= Beginning of Section =

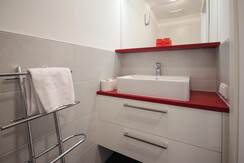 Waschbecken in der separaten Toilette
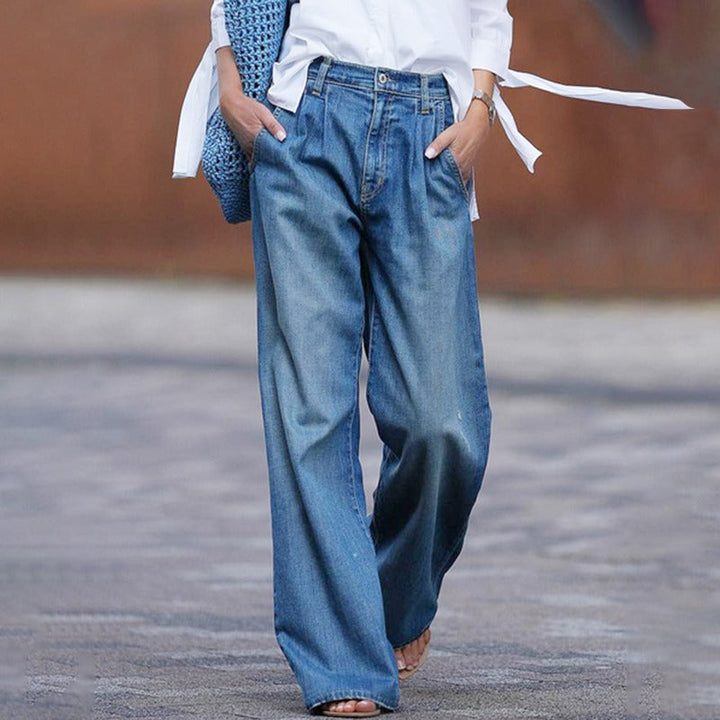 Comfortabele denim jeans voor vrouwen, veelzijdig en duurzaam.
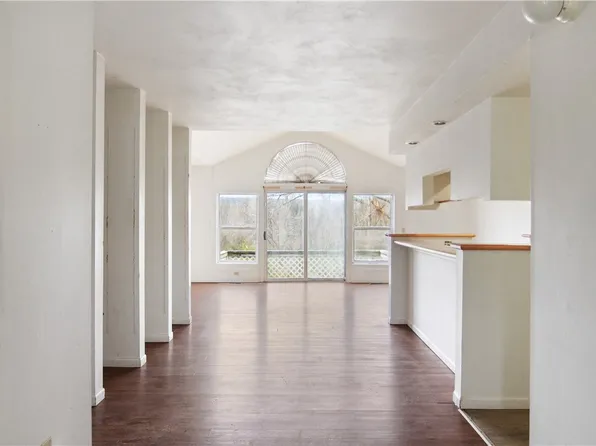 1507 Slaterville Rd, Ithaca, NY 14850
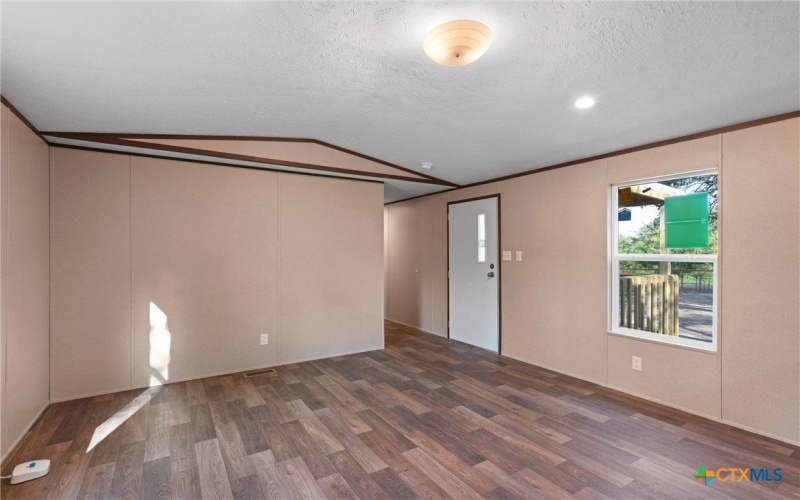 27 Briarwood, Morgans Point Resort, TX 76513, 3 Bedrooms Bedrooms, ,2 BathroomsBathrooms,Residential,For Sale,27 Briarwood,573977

= End of Section =

• [REQUIRED ACTION]: Print out the material verbatim, skipping pictures.

• [RESPONSE TO THIS EXERCISE]:
 Waschbecken in der separaten Toilette
 Comfortabele denim jeans voor vrouwen, veelzijdig en duurzaam.
 1507 Slaterville Rd, Ithaca, NY 14850
 27 Briarwood, Morgans Point Resort, TX 76513, 3 Bedrooms Bedrooms, ,2 BathroomsBathrooms,Residential,For Sale,27 Briarwood,573977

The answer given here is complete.